• _Work required_
Copy nothing before the line that contains "Unusual Kiln and"; from there, transcribe each line exactly through the end of the material, omitting pictures.

• _Information supplied_
◆ ◆ ◆ ◆ ◆ ◆ ◆
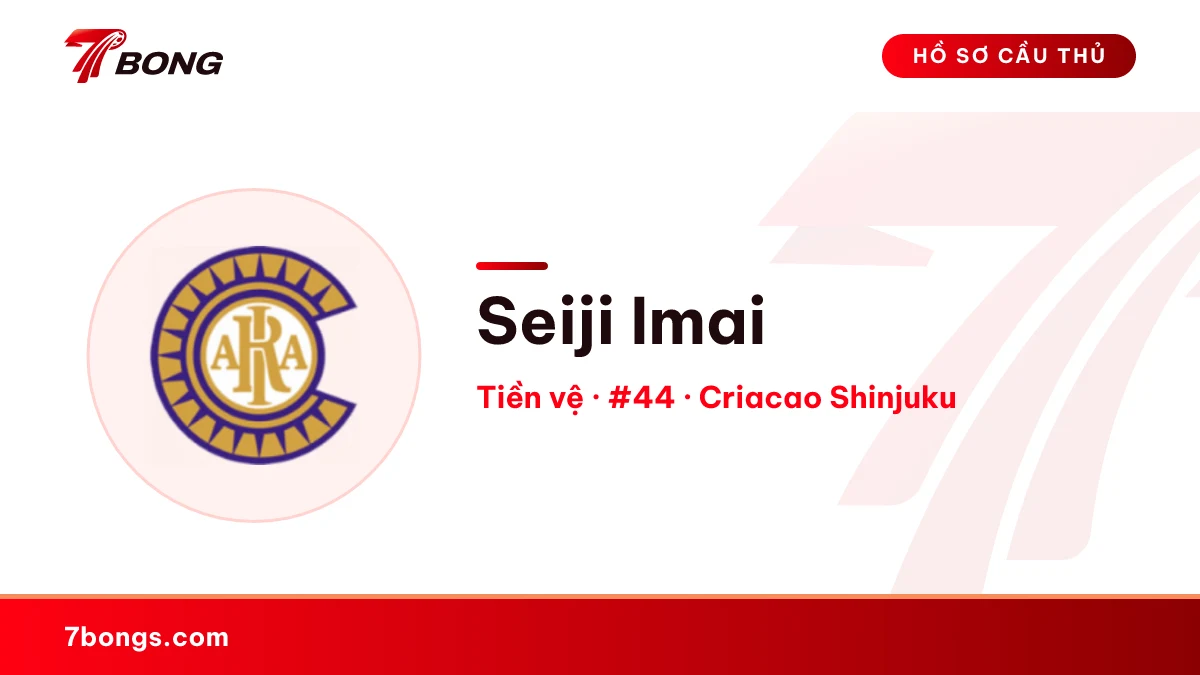 Seiji Imai — Criacao Shinjuku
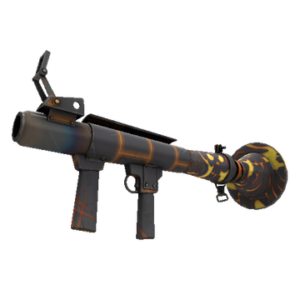 Unusual Kiln and Conquer Rocket Launcher (Minimal Wear)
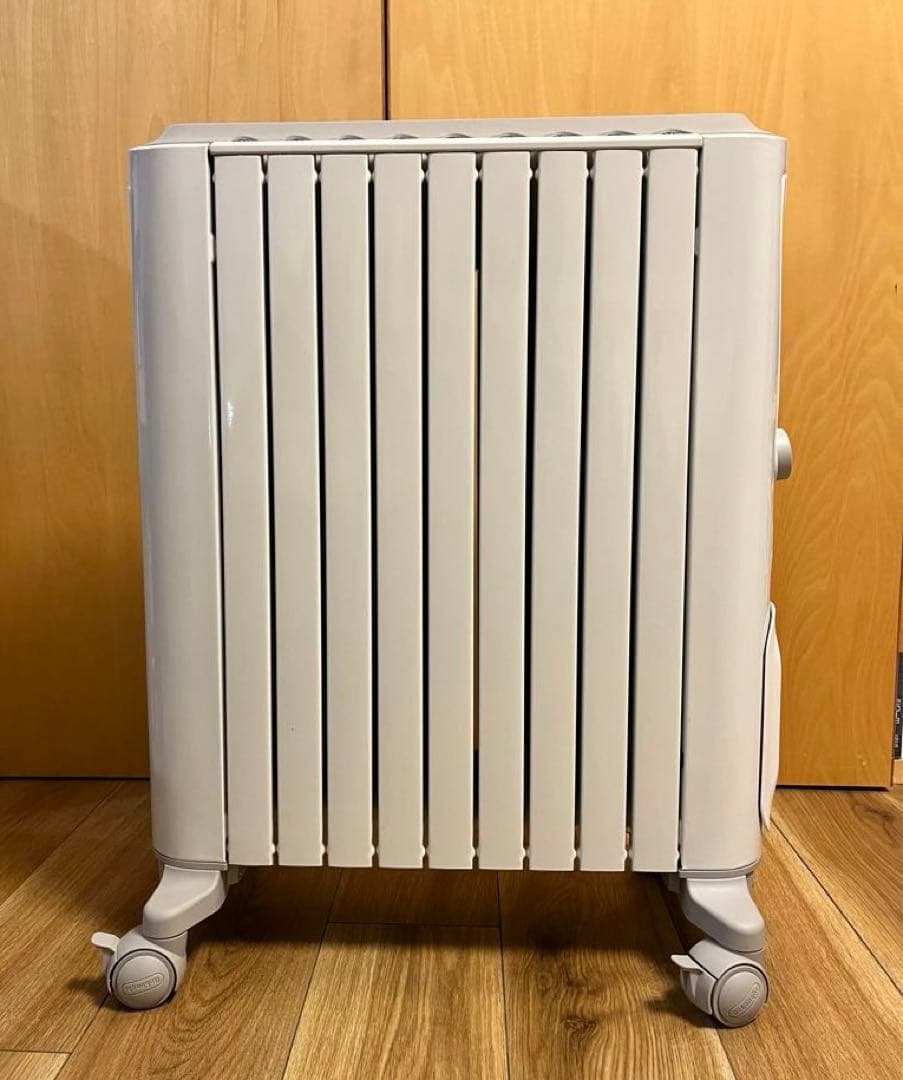 【美品】デロンギ ベルカルドオイルヒーター [RHJ75V0915-GY]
◆ ◆ ◆ ◆ ◆ ◆ ◆
• _Solution below_
 Unusual Kiln and Conquer Rocket Launcher (Minimal Wear)
 【美品】デロンギ ベルカルドオイルヒーター [RHJ75V0915-GY]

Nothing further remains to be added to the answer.